* Problem to solve: Starting at the line that contains "Get your free", transcribe each line exactly through the end of the data below, and skip any pictures.

* Records for this exercise:
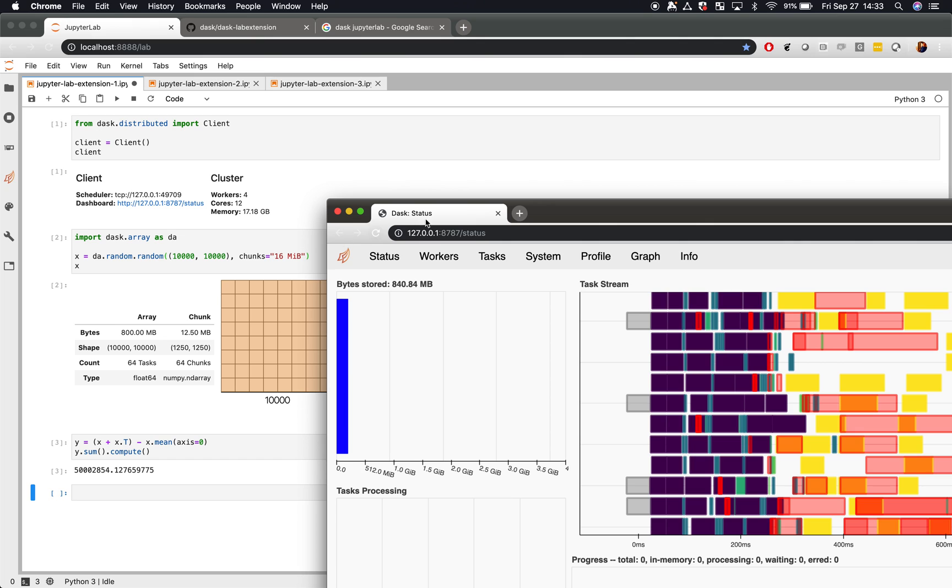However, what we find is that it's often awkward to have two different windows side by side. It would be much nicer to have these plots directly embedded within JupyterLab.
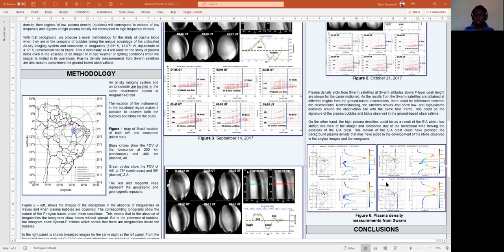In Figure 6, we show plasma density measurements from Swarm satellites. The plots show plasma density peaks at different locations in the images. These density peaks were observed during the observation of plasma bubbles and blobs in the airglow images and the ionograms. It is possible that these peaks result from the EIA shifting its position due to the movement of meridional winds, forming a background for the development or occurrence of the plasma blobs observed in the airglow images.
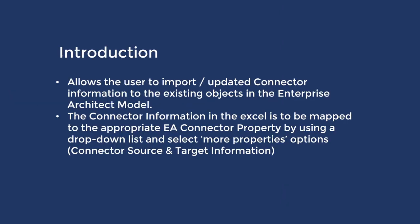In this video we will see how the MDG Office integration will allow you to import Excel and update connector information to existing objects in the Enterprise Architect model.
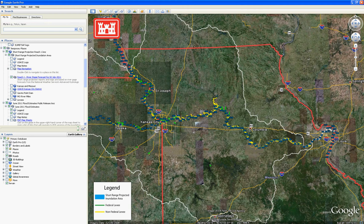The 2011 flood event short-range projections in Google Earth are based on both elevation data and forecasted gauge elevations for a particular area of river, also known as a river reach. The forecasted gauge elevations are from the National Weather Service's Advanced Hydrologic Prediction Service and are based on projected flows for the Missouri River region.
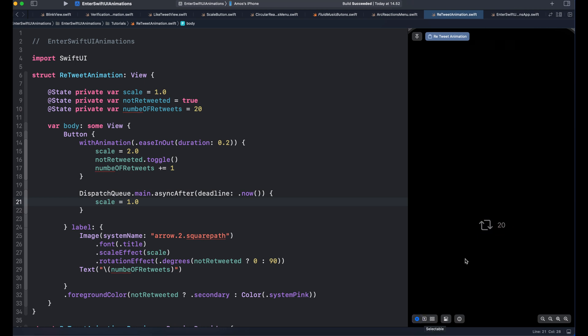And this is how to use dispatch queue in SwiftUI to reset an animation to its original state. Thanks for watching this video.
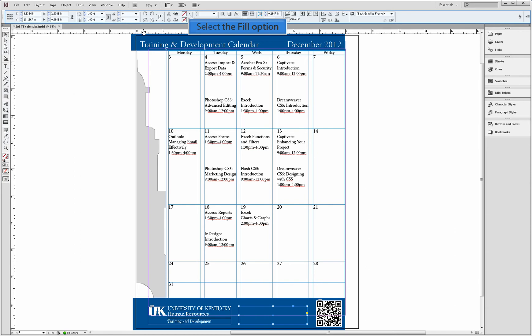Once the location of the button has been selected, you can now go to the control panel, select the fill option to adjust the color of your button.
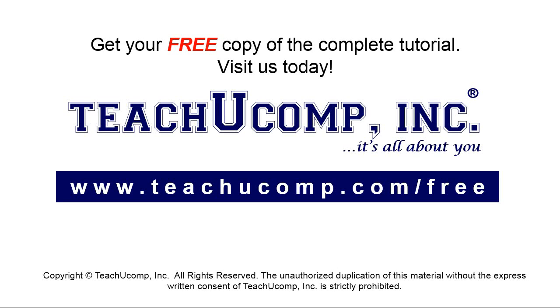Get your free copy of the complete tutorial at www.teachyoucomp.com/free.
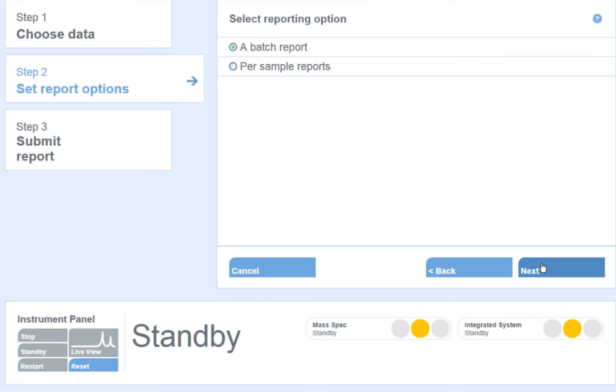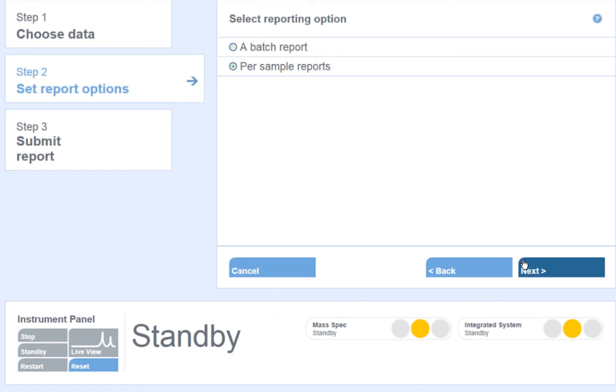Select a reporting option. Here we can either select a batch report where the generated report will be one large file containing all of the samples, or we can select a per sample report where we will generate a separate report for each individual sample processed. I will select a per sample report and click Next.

* Problem solution:
Get your free copy of the complete tutorial at www.teachyoucomp.com/free.
Select a reporting option. Here we can either select a batch report where the generated report will be one large file containing all of the samples, or we can select a per sample report where we will generate a separate report for each individual sample processed. I will select a per sample report and click Next.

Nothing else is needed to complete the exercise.